When no API key is available, pwnkit falls back to a statistical heuristic. Instead of an agent re-exploiting the finding, it checks whether multiple payloads from the same attack template triggered a vulnerable response.

  • If 2+ payloads from the same template succeeded: confirmed (convergent evidence)
  • If only 1 payload succeeded: killed (could be noise)

This is a weaker signal than agentic verification, but it still filters out one-off flukes. Deterministic findings from structured checks (web baseline probes, MCP security checks) bypass this heuristic — they are validated by direct HTTP response matching and don’t need AI verification.

In practice, blind verification kills 30-60% of raw findings from the attack stage. These are findings that a traditional scanner would report and a human would have to triage manually.

Prompt injection “successes” that are actually refusals. The most common false positive in LLM security scanning. The model echoes back the injected instruction in the process of explaining why it won’t do it. Pattern matching sees the payload in the response. The verify agent sees the refusal.

One-shot anomalies. A web endpoint returned a 500 error with a stack trace on one request but works fine on retry. The attack agent logged it as information disclosure. The verify agent hits the same endpoint, gets a 200, and kills it.

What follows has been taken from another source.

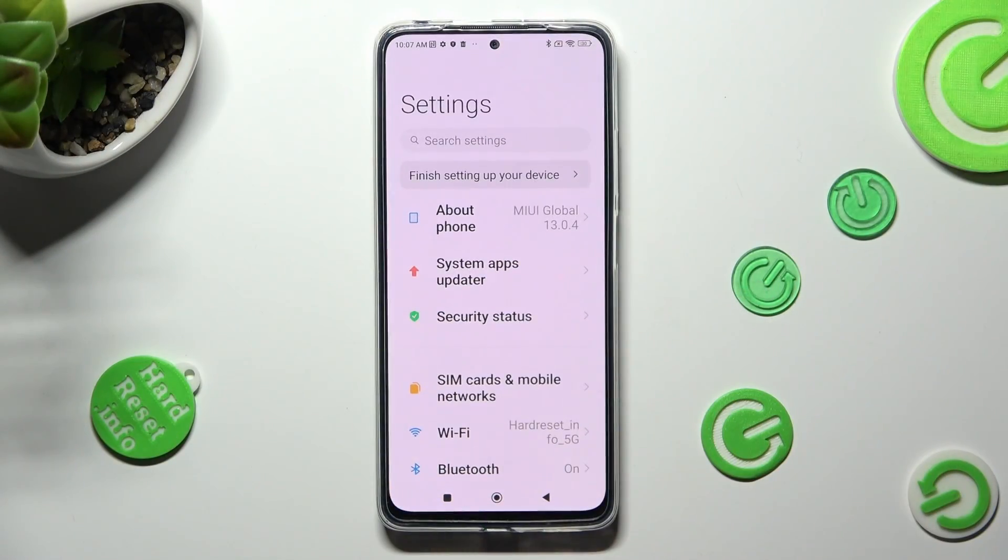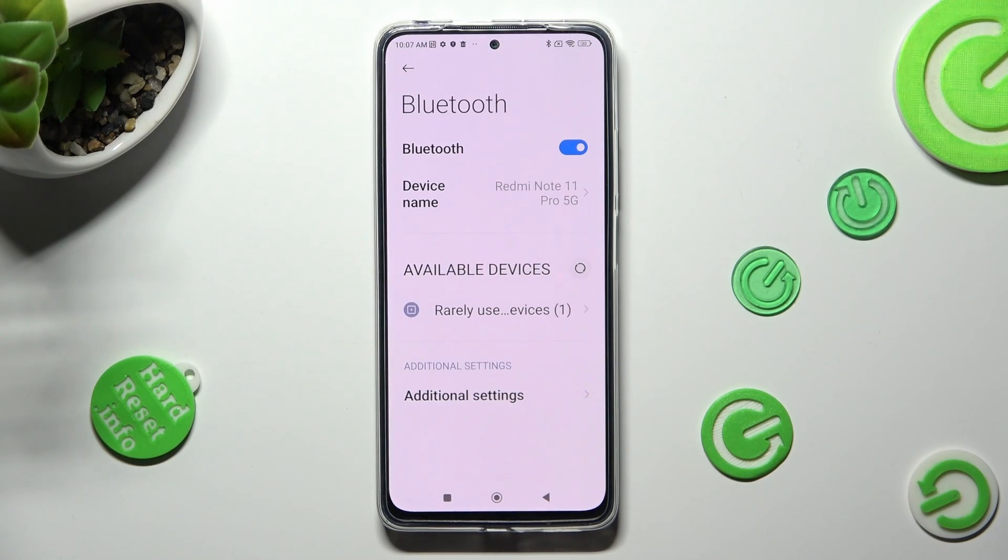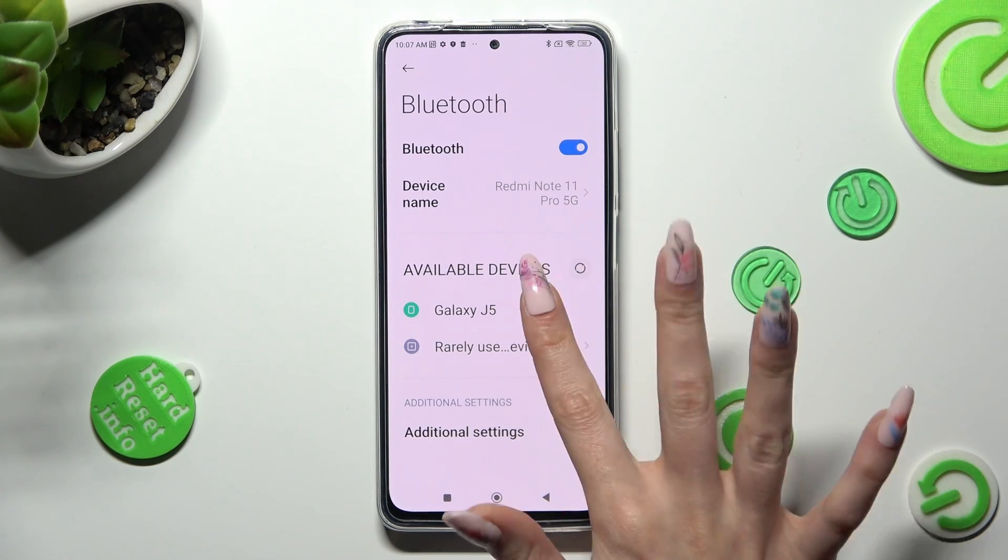First of all, go into settings and tap on Bluetooth feature. Then, wait for available devices to show and when they do, click on the chosen one.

Context-dependent jailbreaks. A multi-turn jailbreak that only works after a specific conversation setup. The verify agent sends the final payload without the preceding turns. The target’s defenses hold. Killed.

Overzealous severity classification. The attack agent found a real issue but called it critical when it’s informational. The verify agent reproduces it but with lower-impact evidence. The finding survives but with accurate severity.

Most security scanning tools operate on a find-and-report model. They run checks, collect results, and present everything they found. The operator is responsible for triaging false positives.

pwnkit inverts this. The default state of a finding is “not real until proven otherwise.” The verification stage is not optional post-processing — it is a required pipeline stage that every finding must survive.

ApproachWhat happens to a finding
Traditional scannerFound -> Reported -> Human triages
pwnkitFound -> Blind re-exploitation -> Confirmed or killed -> Only confirmed reported

The cost is time. Verification adds another agent loop, which means more API calls and more latency. A scan that finds 5 vulnerabilities will spend an additional 15-20 turns verifying them. The tradeoff is worth it: operators get a report where every finding has been independently reproduced, not a list of maybes to sort through.